Mi respuesta a esta experiencia, que no dejo de vivir, depende de la inversión afectiva que tengo con la masculinidad del caso. A veces finjo interés por un rato, desde el momento en que advierto la trampa, y luego me retiro. Otras, traigo a la escena una contra-propuesta de interlocución verdadera con mis preguntas y comentarios y testeo si el otro acepta la invitación que le hago, y actúo en consecuencia. Otra veces el afecto que le tengo a estas pobres masculinidades patéticas delante mío me decide a jugarle por un rato tolerable al otro su juego: abrir un poco los ojos (para que no sospeche) con la boca cerrada, decir a todo que “sí” o asentir, soportar con paciencia imposible el resto del monólogo y listo. Porque siento que quizás, con estos a los que amo, soportarlos en su delirio sea lo único que puedo darles. Pero luego de soportar esto recorre mi cuerpo una furia contenida transformada en pesadez existencial (una incomunicable tristeza) por la traición reiterada de la trampa de falsa interlocución incluso de aquellos a quienes más quiero.

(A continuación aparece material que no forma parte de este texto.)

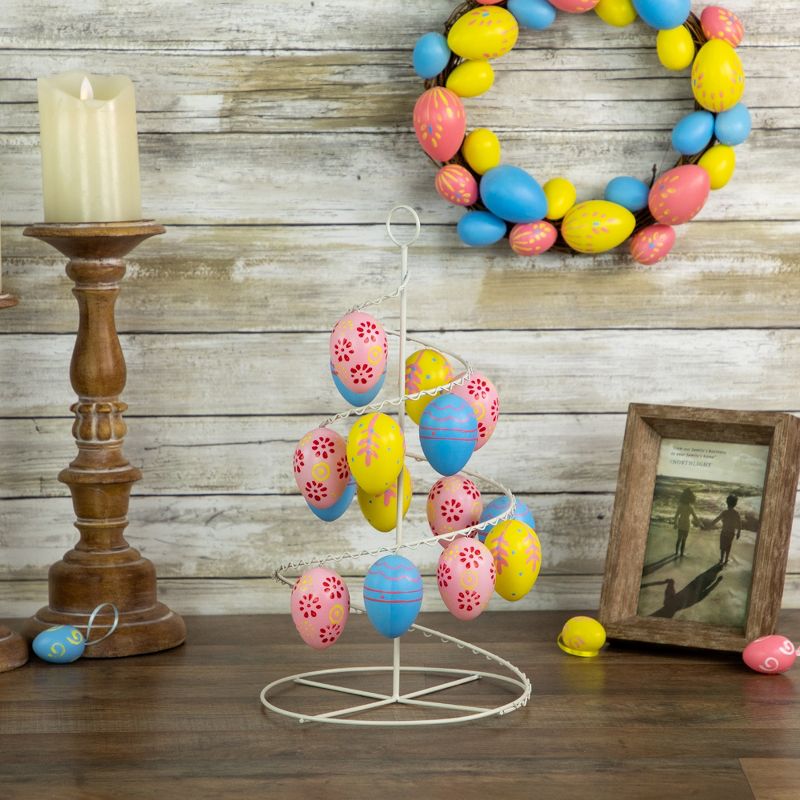 Northlight 14.25" Floral Cut-Out Spring Easter Egg Tree Decoration - Blue/Pink, 2 of 6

No sé si hago bien en soportarlos. Sé que denunciar la trampa sería muy doloroso. Para el otro, más que nada: ¿qué masculinidad tan acríticamente asumida quiere enterarse de que ha sido culturalmente engañado por siglos, por los Platones y los Hegels, respecto de su supuesto carácter original o valioso, cuando al fin y al cabo le espera lo mismo que a todos y todas: la igualación democrática de la muerte?

Pero sí he decidido que mi paciencia tiene un límite como lo tiene el tiempo que tengo en esta mi vida finita. Y que no hay más lugar en ella para estas patéticas traiciones.